◆ Work order ◆
Take the records below and print them verbatim up to and including the line that carries "Padded Hooded Jacket".

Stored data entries
============

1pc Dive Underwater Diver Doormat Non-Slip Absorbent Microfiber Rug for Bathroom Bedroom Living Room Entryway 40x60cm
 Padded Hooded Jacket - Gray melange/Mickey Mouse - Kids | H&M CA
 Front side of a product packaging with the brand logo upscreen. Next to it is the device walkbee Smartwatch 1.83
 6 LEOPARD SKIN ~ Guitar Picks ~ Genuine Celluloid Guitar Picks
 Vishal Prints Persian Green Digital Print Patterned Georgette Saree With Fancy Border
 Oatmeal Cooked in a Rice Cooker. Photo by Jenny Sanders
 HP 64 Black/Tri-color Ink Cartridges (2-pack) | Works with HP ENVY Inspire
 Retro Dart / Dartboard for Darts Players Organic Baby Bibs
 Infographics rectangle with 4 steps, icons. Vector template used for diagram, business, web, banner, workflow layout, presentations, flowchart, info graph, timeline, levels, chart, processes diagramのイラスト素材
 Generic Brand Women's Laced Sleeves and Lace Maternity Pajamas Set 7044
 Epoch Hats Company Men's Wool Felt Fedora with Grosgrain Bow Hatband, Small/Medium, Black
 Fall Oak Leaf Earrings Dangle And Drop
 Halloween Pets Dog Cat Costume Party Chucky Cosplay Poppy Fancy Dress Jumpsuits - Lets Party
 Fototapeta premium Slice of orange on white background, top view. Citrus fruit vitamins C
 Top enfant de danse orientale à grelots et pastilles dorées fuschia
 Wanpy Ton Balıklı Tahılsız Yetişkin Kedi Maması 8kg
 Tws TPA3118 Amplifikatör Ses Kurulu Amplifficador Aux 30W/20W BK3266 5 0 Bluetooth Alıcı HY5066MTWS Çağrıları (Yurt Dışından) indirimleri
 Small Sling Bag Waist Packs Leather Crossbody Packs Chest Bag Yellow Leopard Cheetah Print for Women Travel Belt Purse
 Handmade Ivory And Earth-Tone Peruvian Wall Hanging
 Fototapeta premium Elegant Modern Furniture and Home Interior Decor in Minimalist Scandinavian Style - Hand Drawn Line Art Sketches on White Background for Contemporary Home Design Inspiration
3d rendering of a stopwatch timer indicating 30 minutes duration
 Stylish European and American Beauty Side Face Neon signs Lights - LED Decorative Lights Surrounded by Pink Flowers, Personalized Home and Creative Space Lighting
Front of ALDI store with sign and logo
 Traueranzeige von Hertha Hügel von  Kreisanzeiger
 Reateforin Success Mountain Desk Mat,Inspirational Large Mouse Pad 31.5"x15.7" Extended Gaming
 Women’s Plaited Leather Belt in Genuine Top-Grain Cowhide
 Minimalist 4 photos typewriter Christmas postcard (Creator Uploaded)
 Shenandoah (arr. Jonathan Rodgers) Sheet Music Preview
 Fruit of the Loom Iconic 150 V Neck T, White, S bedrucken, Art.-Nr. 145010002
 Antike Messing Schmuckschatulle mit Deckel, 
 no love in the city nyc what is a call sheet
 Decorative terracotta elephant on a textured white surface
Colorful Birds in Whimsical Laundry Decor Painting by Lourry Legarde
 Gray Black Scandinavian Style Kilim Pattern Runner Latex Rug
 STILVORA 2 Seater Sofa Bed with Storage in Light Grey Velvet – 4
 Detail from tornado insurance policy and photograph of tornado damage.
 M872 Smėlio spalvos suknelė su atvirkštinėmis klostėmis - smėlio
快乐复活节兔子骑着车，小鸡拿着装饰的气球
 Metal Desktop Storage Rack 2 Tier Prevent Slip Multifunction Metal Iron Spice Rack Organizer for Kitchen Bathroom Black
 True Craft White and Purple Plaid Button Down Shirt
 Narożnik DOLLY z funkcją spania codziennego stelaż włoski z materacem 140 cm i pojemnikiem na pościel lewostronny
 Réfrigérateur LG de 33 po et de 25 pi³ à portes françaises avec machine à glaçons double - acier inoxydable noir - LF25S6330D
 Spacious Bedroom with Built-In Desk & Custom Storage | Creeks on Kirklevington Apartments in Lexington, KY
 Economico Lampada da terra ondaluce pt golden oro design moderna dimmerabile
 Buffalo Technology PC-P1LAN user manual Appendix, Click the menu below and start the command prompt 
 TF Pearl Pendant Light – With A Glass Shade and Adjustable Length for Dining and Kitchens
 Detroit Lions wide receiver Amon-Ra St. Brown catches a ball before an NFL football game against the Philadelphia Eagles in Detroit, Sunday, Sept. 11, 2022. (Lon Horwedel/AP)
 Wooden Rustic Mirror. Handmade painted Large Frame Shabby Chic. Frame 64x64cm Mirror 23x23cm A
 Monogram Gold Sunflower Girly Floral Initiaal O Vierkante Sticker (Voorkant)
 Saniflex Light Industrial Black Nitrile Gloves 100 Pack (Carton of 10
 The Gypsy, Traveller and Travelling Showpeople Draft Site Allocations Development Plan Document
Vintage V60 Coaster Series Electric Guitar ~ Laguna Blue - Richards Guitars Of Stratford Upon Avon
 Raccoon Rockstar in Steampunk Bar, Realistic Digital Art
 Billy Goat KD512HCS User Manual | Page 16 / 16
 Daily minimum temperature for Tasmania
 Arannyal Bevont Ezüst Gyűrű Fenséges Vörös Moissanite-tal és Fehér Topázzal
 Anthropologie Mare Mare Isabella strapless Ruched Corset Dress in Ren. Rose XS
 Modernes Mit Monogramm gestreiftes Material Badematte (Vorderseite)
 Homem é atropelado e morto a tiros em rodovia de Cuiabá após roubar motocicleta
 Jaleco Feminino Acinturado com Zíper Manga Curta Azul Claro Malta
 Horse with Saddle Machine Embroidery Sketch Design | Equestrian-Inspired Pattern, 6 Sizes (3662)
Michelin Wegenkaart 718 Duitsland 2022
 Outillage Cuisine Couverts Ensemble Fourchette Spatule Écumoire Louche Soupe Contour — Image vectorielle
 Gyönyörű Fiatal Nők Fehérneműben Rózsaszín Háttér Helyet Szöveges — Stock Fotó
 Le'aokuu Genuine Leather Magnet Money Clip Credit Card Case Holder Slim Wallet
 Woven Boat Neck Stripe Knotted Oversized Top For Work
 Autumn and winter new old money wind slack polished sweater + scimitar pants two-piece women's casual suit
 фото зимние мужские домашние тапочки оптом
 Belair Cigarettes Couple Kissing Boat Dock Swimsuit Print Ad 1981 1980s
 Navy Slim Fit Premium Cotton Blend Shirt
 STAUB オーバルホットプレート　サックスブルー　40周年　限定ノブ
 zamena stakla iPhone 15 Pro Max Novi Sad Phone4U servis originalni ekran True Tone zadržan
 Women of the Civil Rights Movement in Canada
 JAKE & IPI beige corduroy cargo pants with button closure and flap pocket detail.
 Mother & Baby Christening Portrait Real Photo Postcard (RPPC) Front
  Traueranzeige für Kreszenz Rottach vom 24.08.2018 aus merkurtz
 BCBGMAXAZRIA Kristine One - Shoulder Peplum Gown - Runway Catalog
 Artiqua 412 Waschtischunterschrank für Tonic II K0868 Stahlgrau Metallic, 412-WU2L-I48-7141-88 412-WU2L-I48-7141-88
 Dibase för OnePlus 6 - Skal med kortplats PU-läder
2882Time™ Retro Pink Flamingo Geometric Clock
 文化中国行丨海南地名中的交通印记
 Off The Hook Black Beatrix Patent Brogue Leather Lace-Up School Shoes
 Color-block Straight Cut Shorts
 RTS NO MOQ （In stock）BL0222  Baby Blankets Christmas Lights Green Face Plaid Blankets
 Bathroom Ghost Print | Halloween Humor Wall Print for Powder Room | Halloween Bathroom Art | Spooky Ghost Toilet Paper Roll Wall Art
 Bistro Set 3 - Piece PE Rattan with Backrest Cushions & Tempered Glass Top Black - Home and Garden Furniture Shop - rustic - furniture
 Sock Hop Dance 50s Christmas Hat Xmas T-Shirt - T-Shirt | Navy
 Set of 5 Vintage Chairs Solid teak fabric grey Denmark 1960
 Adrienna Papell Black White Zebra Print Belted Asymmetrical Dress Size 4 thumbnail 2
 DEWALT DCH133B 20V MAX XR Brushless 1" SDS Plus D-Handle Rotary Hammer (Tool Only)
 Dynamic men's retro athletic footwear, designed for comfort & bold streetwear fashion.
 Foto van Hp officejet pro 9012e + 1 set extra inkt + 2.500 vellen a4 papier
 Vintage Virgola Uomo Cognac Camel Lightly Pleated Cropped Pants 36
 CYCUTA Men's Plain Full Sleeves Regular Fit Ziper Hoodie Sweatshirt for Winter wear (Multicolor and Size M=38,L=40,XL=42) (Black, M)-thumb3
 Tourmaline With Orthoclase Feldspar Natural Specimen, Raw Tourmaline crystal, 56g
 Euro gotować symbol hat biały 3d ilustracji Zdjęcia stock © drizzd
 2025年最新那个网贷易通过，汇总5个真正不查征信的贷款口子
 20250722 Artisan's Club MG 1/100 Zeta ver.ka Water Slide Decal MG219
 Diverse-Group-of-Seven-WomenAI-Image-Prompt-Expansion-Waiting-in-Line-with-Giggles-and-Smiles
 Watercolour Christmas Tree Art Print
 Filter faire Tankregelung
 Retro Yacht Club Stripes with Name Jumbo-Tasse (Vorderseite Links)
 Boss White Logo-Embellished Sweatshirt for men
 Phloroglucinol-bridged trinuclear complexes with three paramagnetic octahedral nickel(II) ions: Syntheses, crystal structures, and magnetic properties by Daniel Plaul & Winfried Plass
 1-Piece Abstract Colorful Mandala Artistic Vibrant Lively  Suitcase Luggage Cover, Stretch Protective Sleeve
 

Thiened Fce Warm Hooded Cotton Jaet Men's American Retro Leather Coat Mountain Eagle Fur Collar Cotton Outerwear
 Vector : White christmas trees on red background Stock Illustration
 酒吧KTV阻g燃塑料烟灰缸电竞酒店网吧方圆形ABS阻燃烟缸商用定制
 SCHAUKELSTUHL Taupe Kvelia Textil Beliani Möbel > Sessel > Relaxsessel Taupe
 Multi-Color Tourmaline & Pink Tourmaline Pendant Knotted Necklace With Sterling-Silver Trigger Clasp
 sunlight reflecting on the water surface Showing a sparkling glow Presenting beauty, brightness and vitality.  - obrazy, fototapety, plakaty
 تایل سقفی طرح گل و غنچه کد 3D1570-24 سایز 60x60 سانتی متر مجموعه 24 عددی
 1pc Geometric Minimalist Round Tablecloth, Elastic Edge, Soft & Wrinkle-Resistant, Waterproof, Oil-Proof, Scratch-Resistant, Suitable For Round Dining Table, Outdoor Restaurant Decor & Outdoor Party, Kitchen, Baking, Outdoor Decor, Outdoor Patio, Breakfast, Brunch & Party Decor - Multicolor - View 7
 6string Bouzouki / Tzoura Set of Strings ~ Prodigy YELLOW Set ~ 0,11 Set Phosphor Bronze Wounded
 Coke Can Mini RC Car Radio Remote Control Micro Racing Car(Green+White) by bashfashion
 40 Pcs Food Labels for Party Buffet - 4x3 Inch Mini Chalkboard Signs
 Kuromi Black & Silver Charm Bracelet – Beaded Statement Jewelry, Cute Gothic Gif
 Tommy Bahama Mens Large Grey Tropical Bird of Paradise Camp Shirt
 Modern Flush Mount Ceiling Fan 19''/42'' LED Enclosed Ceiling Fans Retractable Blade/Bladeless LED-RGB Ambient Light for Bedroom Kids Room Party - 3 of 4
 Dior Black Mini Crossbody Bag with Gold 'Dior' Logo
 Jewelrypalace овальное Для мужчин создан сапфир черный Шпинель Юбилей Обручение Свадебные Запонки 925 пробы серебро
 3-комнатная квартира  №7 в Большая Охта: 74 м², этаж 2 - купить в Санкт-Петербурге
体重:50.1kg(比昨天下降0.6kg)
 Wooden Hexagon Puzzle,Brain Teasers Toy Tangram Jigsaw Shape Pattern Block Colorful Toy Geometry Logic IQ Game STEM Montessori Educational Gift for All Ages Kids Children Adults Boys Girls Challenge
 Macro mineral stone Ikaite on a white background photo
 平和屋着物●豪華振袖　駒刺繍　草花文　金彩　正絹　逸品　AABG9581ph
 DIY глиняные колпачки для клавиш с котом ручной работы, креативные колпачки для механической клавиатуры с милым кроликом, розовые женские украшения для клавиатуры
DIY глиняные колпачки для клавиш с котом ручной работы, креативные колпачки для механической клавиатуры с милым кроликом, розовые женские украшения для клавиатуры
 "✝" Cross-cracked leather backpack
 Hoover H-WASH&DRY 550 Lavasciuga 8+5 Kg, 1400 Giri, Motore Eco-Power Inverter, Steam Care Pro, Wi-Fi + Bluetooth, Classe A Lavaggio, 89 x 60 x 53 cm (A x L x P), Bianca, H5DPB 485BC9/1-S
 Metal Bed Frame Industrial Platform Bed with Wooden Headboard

============

◆ Output for this task ◆
1pc Dive Underwater Diver Doormat Non-Slip Absorbent Microfiber Rug for Bathroom Bedroom Living Room Entryway 40x60cm
 Padded Hooded Jacket - Gray melange/Mickey Mouse - Kids | H&M CA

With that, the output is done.